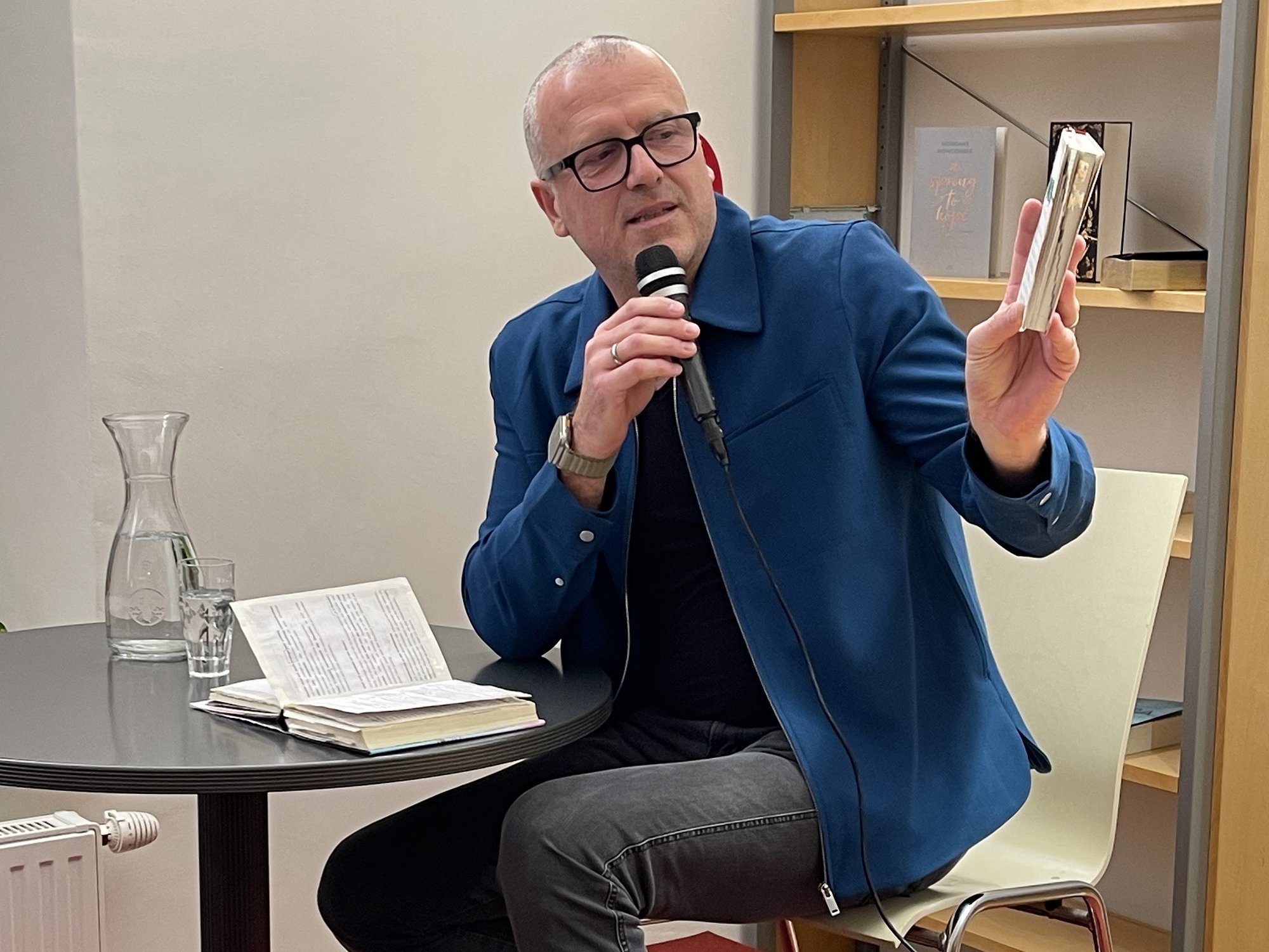 Autor Bernhard Aichner mit Mikrofon und einem Buch in der Hand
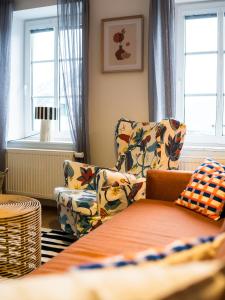 a living room with a couch and a chair and windows at Boží Dar 95 in Boží Dar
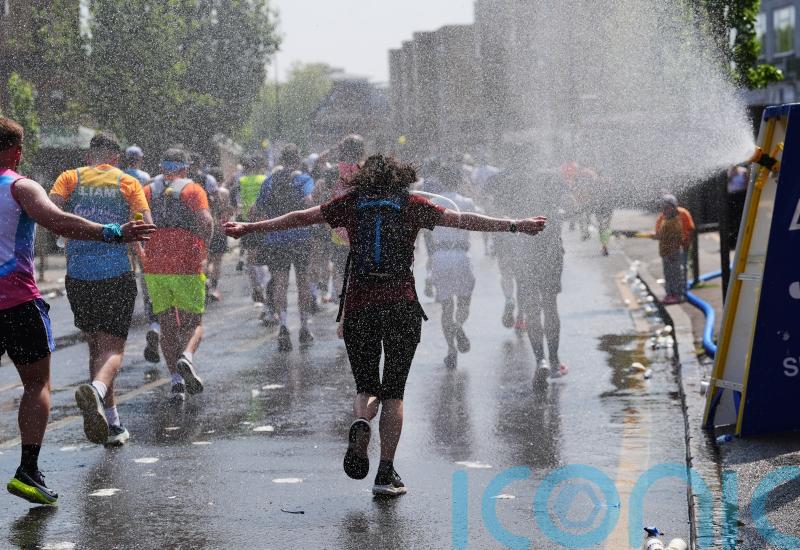 Thousands cross finish line of London Marathon as temperatures hit 22.2C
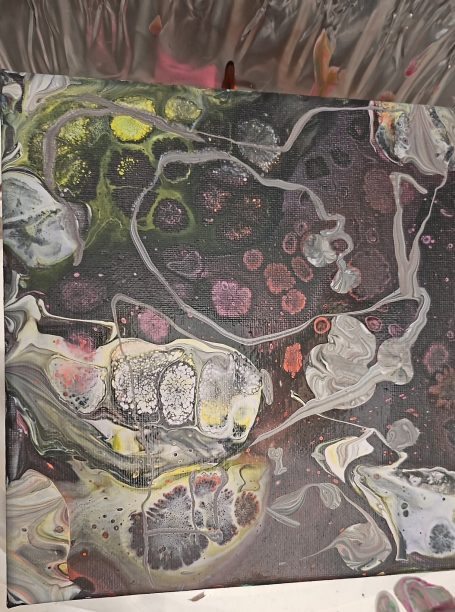 Alexreart2 Abstract design with swirling patterns in dark hues, featuring vibrant splashes of colour.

+-------+

Every line from the one holding "a living room" to the last line of the listing above, inclusive, must appear exactly as written, and no picture may appear.

 a living room with a couch and a chair and windows at Boží Dar 95 in Boží Dar
 Thousands cross finish line of London Marathon as temperatures hit 22.2C
 Alexreart2 Abstract design with swirling patterns in dark hues, featuring vibrant splashes of colour.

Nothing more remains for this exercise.